NOTE: When logging in to your cluster, you will have to whitelist your own IP address as well.


Once you're logged in. Execute the following commands to create a new database user:


-- create a user named "bigpicture" that our system will use when connecting to your Redshift cluster.
CREATE USER bigpicture PASSWORD 'YOUR_PASSWORD_HERE';

-- allows the "bigpicture" user to create new schemas on the specified database. (this is the name you chose when provisioning your cluster)
GRANT CREATE ON DATABASE "YOUR_DATABASE_NAME_HERE" TO bigpicture;

This user is what you'll provide in the BigPicture.io configuration when setting up Redshift.

Handling an existing database

If you have an existing Redshift database and want BigPicture.io to write to your existing schemas / tables, you'll also have to grant access to the new user you created.

For example, if you are migrating from another 3rd party service that loads data into Redshift, and you want BigPicture.io to write to the existing schemas rather than create new ones.

First, you'll have to execute this command to grant privileges to any future tables created in the existing schemas:


-- Set permissions on any newly created tables
ALTER DEFAULT PRIVILEGES FOR USER bigpicture GRANT ALL ON TABLES TO bigpicture;

Next, you need to grant access to all of your existing schemas and set the table owner to the bigpicture user you created. The user needs to be the table owner because our system will dynamically create new tables and add new columns as you send data.


-- Grant existing schemas
GRANT ALL ON SCHEMA YOUR_SCHEMA_NAME_HERE to bigpicture;

Now set bigpicture as the owner for each table. This can be a bit tedious if you have a lot of tables...



-- Make bigpicture user the owner. Do this for each table.
ALTER TABLE YOUR_TABLE_NAME_HERE OWNER to bigpicture;

This may be a little complicated for non-technical users. So feel free to email us at support@bigpicture.io if you need help.

Sync schedule

Currently data is synced once an hour. Let us know if you need a custom schedule.

Distribution key

The id column is the common distribution key used across all tables. If sending external data that already has a unique id (like Zendesk) then we will use that as the id. Otherwise, we will create a unique hash to avoid duplicate rows from being inserted.

Reserved words

Redshift limits the use of reserved words in schema, table, and column names. We mitigate this by wrapping all names in quotations within queries, but you should still be careful to avoid conflicts.

In addition to Redshift reserved words, you should avoid sending data that conflicts with BigPicture.io top level fields (id, userId, messageId, receivedAt, etc.). If your traits or properties conflict with BigPicture.io fields, we will prepend a _ to the name.

Lastly, Redshift limits the use of integers at the start of names. So we will also prepend a _ for those names. For example, if you send a property named 5guys, we will modify it to _5guys before loading it into Redshift.

Technical details

Data loading

Our system first batches data on S3 then leverages the COPY command to load data as quickly as possible.

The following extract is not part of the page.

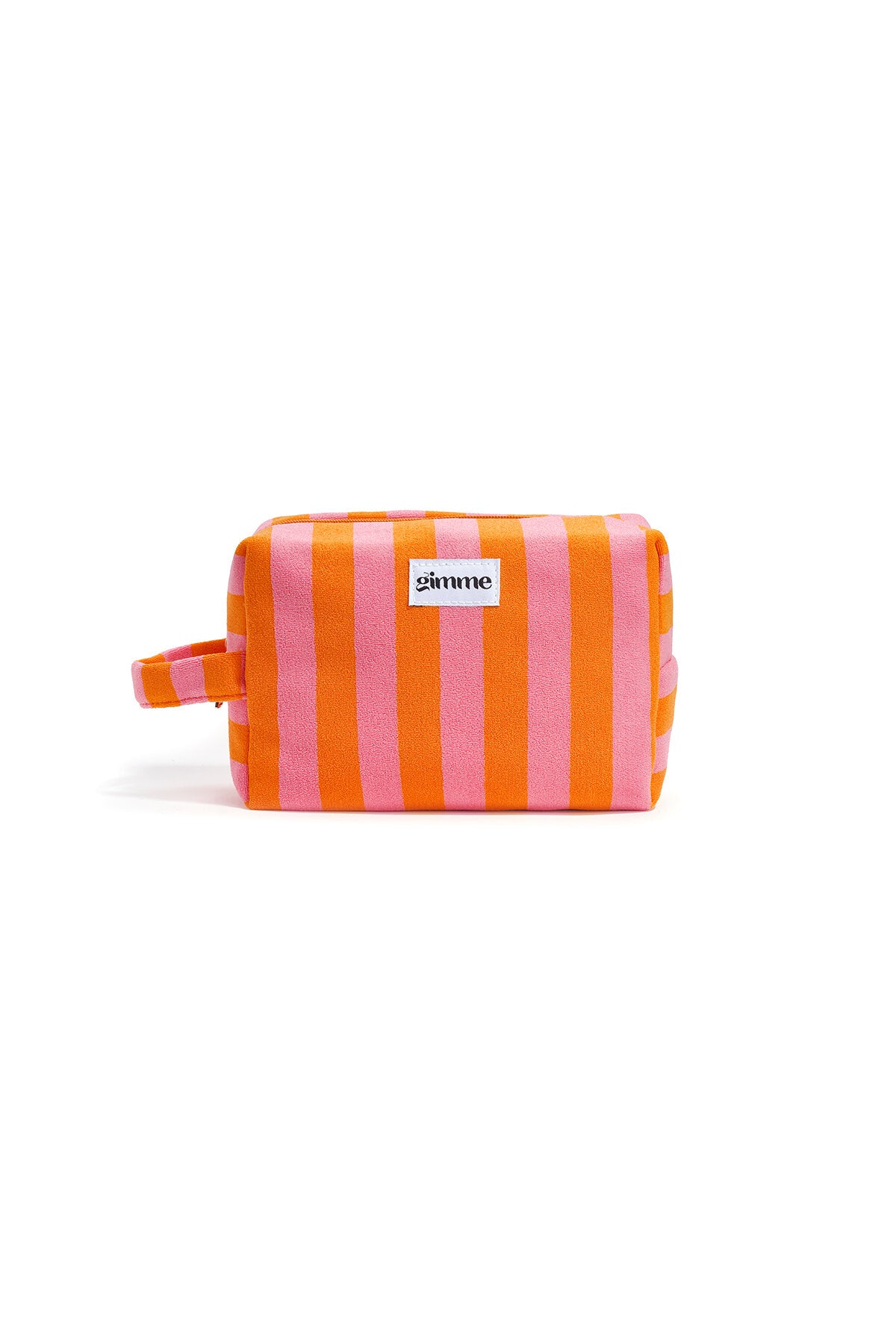 Chic Stripe Makeup Bag for Spring/Summer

If a table or column doesn't exist, we will lock the table and update it.

When we process a batch and discover a new column, we will use the first instance of the data and use that as the column datatype.

Handling existing columns

When we process a batch and find an existing column datatype that doesn't match the datatype you're sending, we will first try to convert the incoming data.

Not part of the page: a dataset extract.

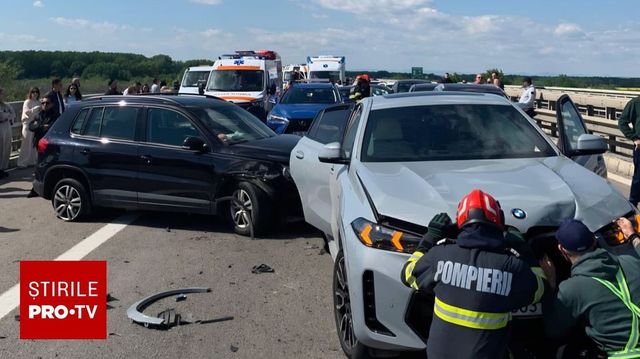Trafic restricționat pe A3, în urma unui accident cu șapte mașini implicate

For example, you previously sent price: 99, where 99 is a number. Then later on you send price: "99", where "99" is a string. Our system will attempt to convert the string to a number.

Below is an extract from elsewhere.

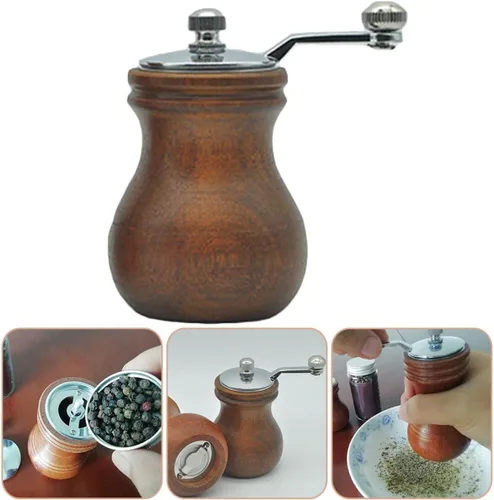 Vista 4 de Botella de molienda, herramientas manuales, herramientas de recipiente de mano, triturador de pimienta, sal de cocina de pimienta recargable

If the data cannot be converted to the datatype of the existing column, we will drop that data to avoid having the whole batch load fail. For this reason, we highly recommend creating a detailed tracking plan to avoid conflicts and changing datatypes.

Security

Your VPC enables you to block traffic from the internet and selectively whitelist IPs. For this integration, you whitelist the BigPicture.io IPs so that our servers can access your cluster.

Additionally, by creating a unique user to access your cluster, you can isolate queries and audit access.

Column sizing

We set the default string column length limit to 512 characters. Longer strings are truncated. This decision is based on general industry standards.